No doubt, this will be the most complex logic board I have ever made, especially considering the way the 32K VIC-20 extended RAM will be managed as 6500 blocks of 5 bytes, configurable and adaptable as real time 6502 macro instructions on the fly at 10 MHz. Say what??.... that's for a later explanation!

So to officially start placing chips, I am working from the obvious start; the expansion port buffers.

In order to conserve power and not require a power supply the size of a cube van, I have opted to go with 74HC logic on by board, as CMOS logic is very power friendly. I will have no problem running 300+ ICs with half an amp, which is far less than what a TTL based board would demand.

The one snag with this plan is that TTL and CMOS "almost" work together. When I say almost, I mean that the only problem occurs when TTL drives a logical ONE into a CMOS gate. TTL may only put out 2.7 Volts as a HI level, but in CMOS world, a ONE is defined as no lower than 3.5 volts. If you only need to go from CMOS to TTL, than everything will work fine, but the other way around may not.

Before I truly believed this, I tried it anyhow, and it worked about 90% of the time actually.
Eventually, bits were lost in translation, and poor old VIC crashed.

Here are the three different types of 245 buffers I have in my ammo closet...


TTL and CMOS require level translators to mate.

I use each of these three types of 245 buffers depending on the application...

74HC245 : For CMOS to CMOS logic. I will have many of these on my board.
74LVC245 : For 3.3V CMOS to 5V TL logic. I use these for FPGA to TTL.
74HCT245 : For 5V TTL to 5V CMOS logic. These will be used here.

Here is a chart showing the difference between CMOS and TTL legal levels...


Comparing IO levels between TTL with CMOS.

Since I am buffering the almost all Expansion Port signals, I require 4 buffers.
Address, Data, Blocks, and the 6502 PH2 clock will run out to the MOAB.


Expansion port IO buffers ready to merge TTL and CMOS together.

My next small bite will be to wire up the buffers and a 32K SRAM.
Once the IO buffers are working properly, my VIC-20 will boot and show 28,159 Bytes Free.

Later!
Radical Brad

(Just to note, Brad, it looks like you're hosting the images in a temp folder - please, if you can, take care to preserve this thread for posterity! In ten years time, it will be excellent still to be able to see the project progress. It will be even more retro then. Hosting images here, by attaching, is one approach to consider.)

All my images are either on my http://AtomicZombie.com hosting or http://LucidScience.com, and these will be around long as I am not obsolete!
This thread here is just a condensed version of what will eventually be a much more in depth write-up.
I am redoing AtomicZombie.com, and intend to move all of my robotics and electronic projects there in the new year

Brad

Sounds great, please pardon the interruption.
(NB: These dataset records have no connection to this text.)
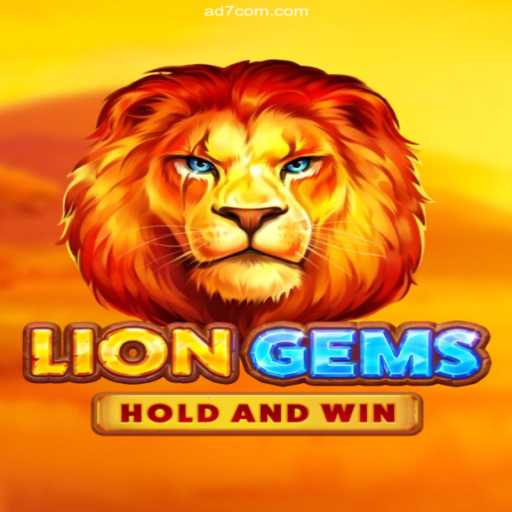 Discover the Thrills of LionGems: A Game of Strategy and Swift Wins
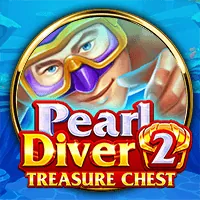 Theo dõi cầu Baccarat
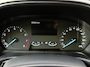 Ford Puma 1.0 MILD-Hybrid Titanium CRUISE APPLE B&O TREKHAAK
For those who breadboard a lot, you might have noticed that my 245 buffers do not have a gap between them.
Most 245's waste breadboard space as their epoxy bodies extend into the pin space, requiring 1 wasted column.
Another annoyance is the ridiculous fact that there are 63 columns per board instead of 64!
We need to track down the "engineer" that spawned this stupid standard and shame them publicly.

I refuse to accept wasted breadboard real-estate!

Here is what happens when you try to lay down six fat bodied 245 ICs in a row...


Hey buddy, move over, I my feet are hangin' over!

In order to adjust the world to my liking, I use whatever means necessary to win.
A grinding disc or drum on a Dremel tool is always handy.


This tool can give your IC package a little body work.

You only need to grind away perhaps 1/16" from each end of the package in order to reclaim the space.
There is plenty of ceramic remaining, and most other ICs do not seem to have this fat body issue.


Taking away 1/16" from each end of the IC package.

After going on a diet, all six ICs now get along nicely in a single row, with pins to spare.
There is about 1/16" gap between ICs, so no risk of exposed metal pads touching as well.


Six ICs in a row, and three columns left over now.

Even after removing the access package, no harm came to any of the pins.


This ICs sit like any of the other packages now, without wasting space.

It may seem strange to worry about the wasted column, but when you consider the loss on the MOAB, it could account for a large amount of wasted space. 74HC245 ICs will be very common in my design, so each row would waste 108 tie points if I did not put them on a diet.

This gives new meaning to the phrase "Electronics Hacking"!

Cheers.
Radical Brad

Attaching the pictures also has the advantage of displaying them smaller initially, and clicking on them enlarges them. As it is now, I have to scroll left and right and up and down to see the entire picture. It also causes the text in the same post to require left-right scrolling to read each line, because the post becomes as wide as the large picture. If you don't want to attach the pictures, can you reduce their size a bit. Thanks.

_________________
http://WilsonMinesCo.com/ lots of 6502 resources
The "second front page" is http://wilsonminesco.com/links.html .
What's an additional VIA among friends, anyhow?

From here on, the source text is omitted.